The remaining four members were elected at the Winter Meeting. The elected members, their regions, and who they defeated are in the table. For people who follow, the RNC, these are interesting. Norcross and Ryder are two old RNC hands, while Ricketts and Simpson are new. My understanding is that the issue in the West was simply an anti-California one, while Bennett, the author of this rule, was rejected partly over this rule and the way that the issue was handled at the Convention.

The complete rule 10(d) and an embed of the complete RNC rules are after the jump.

 

There shall be a temporary committee to review the timing of the election, selection, allocation, or binding of delegate and alternate delegates pursuant to Rule No. 15(b) of these rules to the 2012 Republican National Convention. The Temporary Delegate Selection Committee shall be composed of fifteen (15) members, which shall include one (1) member of the Republican National Committee from each of the four (4) regions described in Rule No. 5, elected by the members of the Republican National Committee from each region at the 2009 Republican National Committee Winter Meeting; further, the chairman of the Republican National Committee will appoint three (3) additional members of the Republican National Committee and six (6) Republicans who are not members of the Republican National Committee.
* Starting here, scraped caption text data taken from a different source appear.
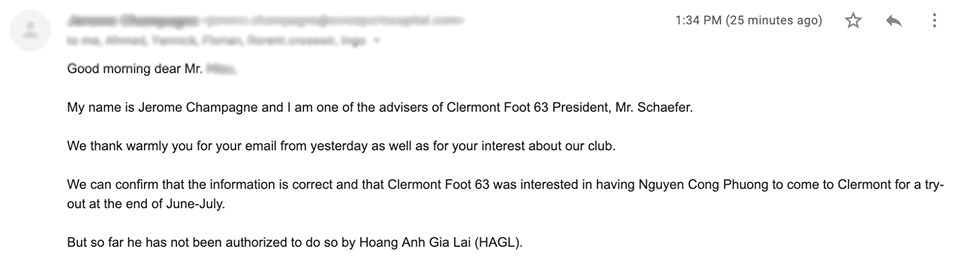the letter responding to Cong Phuong trial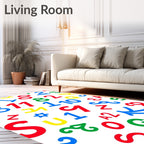 Playful Alphabet Numbers Collage Rug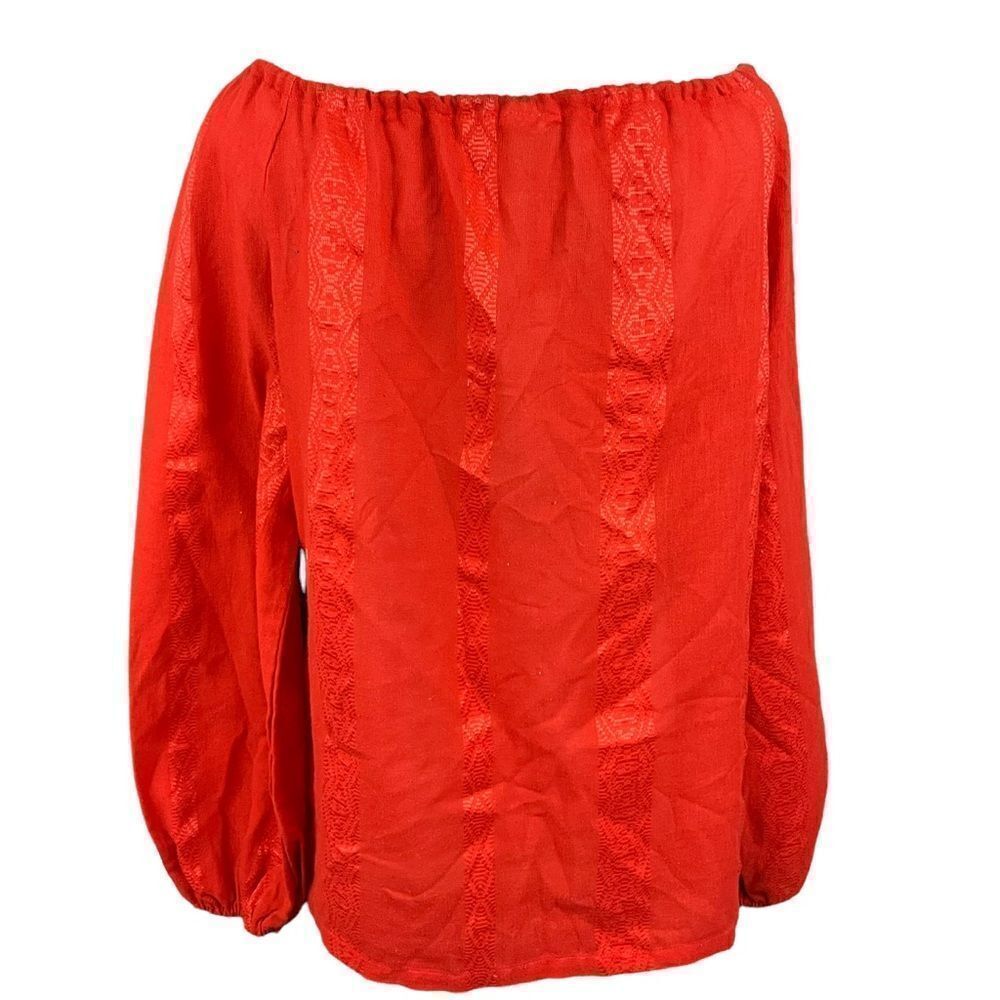 Vintage 70’s Sears Red/ Orange Embroidered Peasant Blouse M - Picture 4 of 6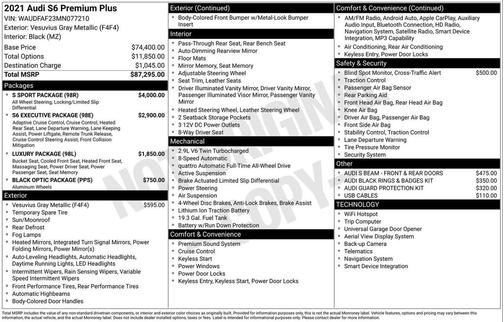 2021 Audi S6 2.9T Premium Plus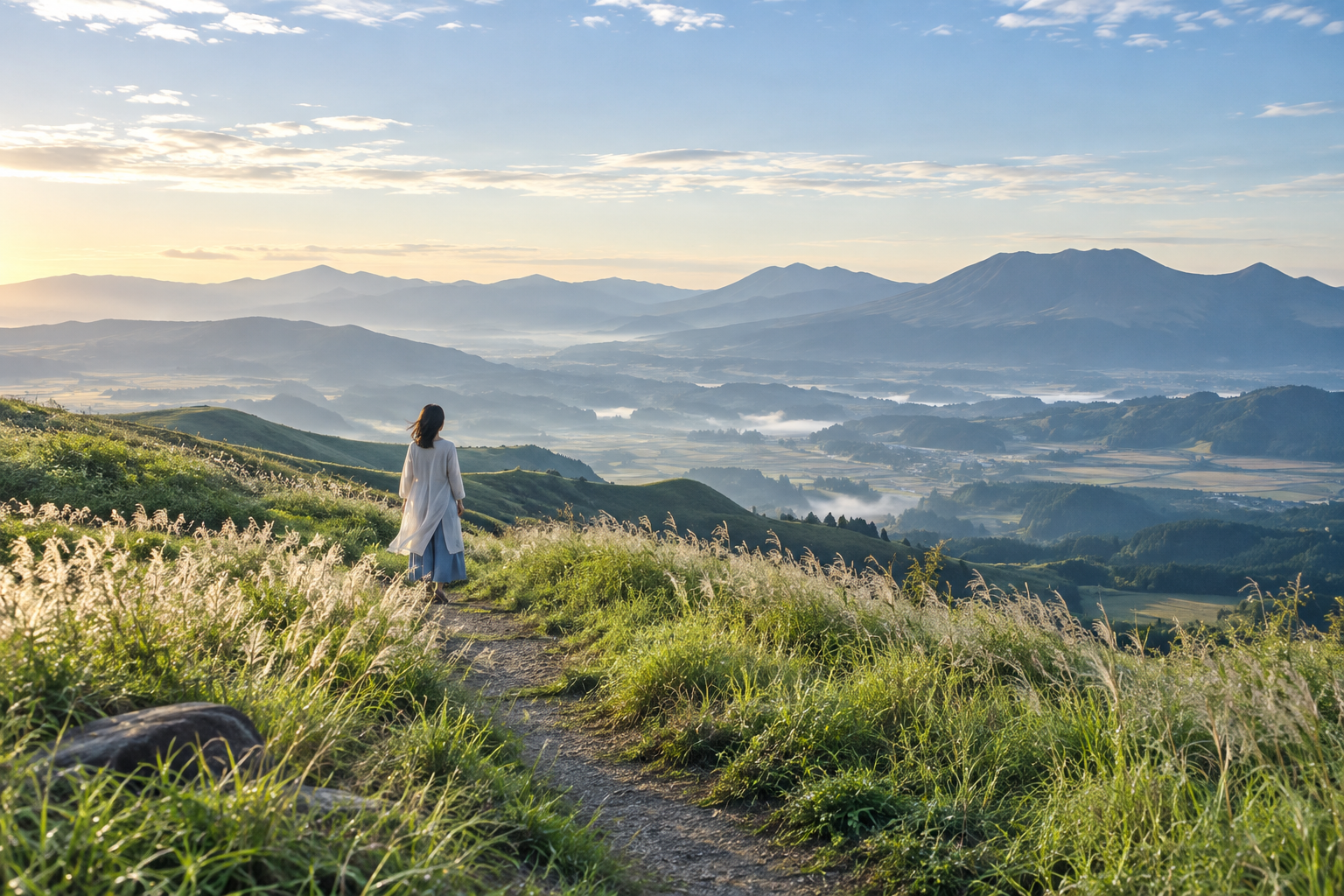 山並みと朝の光を見渡す草原に、一人の後ろ姿が立つ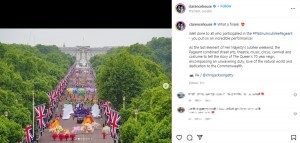 「プラチナ・ジュビリー・ページェント」のパレードの様子（画像は『Clarence House　2022年6月6日付Instagram「What a finale!」』のスクリーンショット）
The chairman and general counsel of the Republican National Committee shall serve as ex-officio voting members. The chairman of the Republican National Committee shall convene the Temporary Delegate Selection Committee as soon as practicable after the 2009 Republican National Committee Winter Meeting. The Temporary Delegate Selection Committee shall make any recommendations it deems appropriate concerning additions to Rule No. 15(b) of these rules, provided that such additions shall preserve the provisions of Rule No. 15(b) adopted by the 2008 Republican National Convention, which shall be voted upon without amendment by the Republican National Committee at the 2010 Republican National Committee Summer Meeting and which shall require a two-thirds (2/3) vote to be adopted. Any action adopted would take effect sixty (60) days after passage. The Temporary Delegate Selection Committee shall disband following the 2010 Republican National Committee Summer Meeting.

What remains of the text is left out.